The following text was submitted as a comment on the Adventist Review’s recent “Questions Regarding the Seventh-day Adventist Church and Its Leadership” essay, but was not accepted for publication.
Dear General Conference Communication Department:
The web site of the Center for Adventist Research, at Andrews University, lists the late Dr. Raymond Cottrell as “one of the leading theologians and intellectuals of the Seventh-day Adventist denomination during the last half of the 20th century.” Dr. Cottrell served as associate editor of both the Seventh-day Adventist Bible Commentary series and the Review and Herald magazine, for example, as well as holding many other denominational offices.
In his 1998 essay, “The Ethos of Adventism,” Cottrell says this about Adventist administrative structure:
"Within local Seventh-day Adventist conferences governance is representative. The congregations appoint delegates to a conference session at which they elect conference officers and make basic decisions with respect to the operation of the conference. At times this process is aborted when delegates representing higher echelons of the hierarchy veto the delegates’ preferences. The GC also has the power to suspend a conference if it does not comply with GC policy, and has, upon occasion, threatened to do so.

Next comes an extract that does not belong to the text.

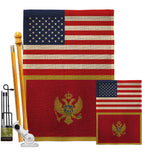 Montenegro US Friendship - Nationality Flags of the World Vertical Impressions Decorative Flags HG140697 Made In USA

"Above the local conference level Adventist polity is strictly hierarchical. There is no provision by which church members or congregations can express preferences or participate in the process of governance. The local conference executive committee appoints delegates to its union session, the union executive committee to its division session, and the division executive committee to sessions of the GC. Each delegation to the next higher level consists primarily of members of the hierarchy. Lay persons appointed by each executive committee, which is part of the hierarchy, thus represent the hierarchy, not the members or their congregations.
"Instead of the three Adventist administrative levels between the local congregation and the GC, most Protestant churches have only one, or in some instances two, between congregations and their highest administrative authority. Through their congregations the members collectively constitute the supreme authority. Congregations participate in the election of officers for each of their higher administrative levels. Ultimate authority thus flows up (rather than down from the top, as in a hierarchy). Fewer administrative levels, and participation in the election of officers and in the formation of policy at all levels thus bring leaders and grass roots members closer together.
“In two major respects the polity and governance of the Seventh-day Adventist Church are essentially the same as those of the Roman Catholic Church rather than Protestant churches. Both are hierarchical rather than democratic. Both are universal (“catholic,” with a lower case “c”) rather than national. Official awareness of this trend was reflected in Neal Wilson’s jocular reference to his vice presidents as “cardinals” at the 1985 session of the GC in New Orleans, and references to him as “pope” at the 1987 Spring Meeting of the GC. The Adventist hierarchy is a self-contained, self-operating, self-perpetuating system remote from, and immune to, members and congregations.”
It doesn’t seem feasible, given Dr. Cottrell’s hard-earned status as a definitive SDA insider, to merely dismiss his carefully woven analysis.
At the same time, if what he wrote is even partially true, the responses to some of the questions above, particularly the 2nd one, may not be as neatly threaded as they first appear to be, and may require a more self-effacing response from the denomination.
Can we expect to get one? It should not be too difficult for the SDA church to produce. After all, it’s not exactly as if it’s never erred.
HA
P.S. I’ve got to give it up to Elder Wilson for the current, “Mountain Man” look. I honestly wonder what inspires the beard. Is it a more fundamentalist look for a more fundamentalist time?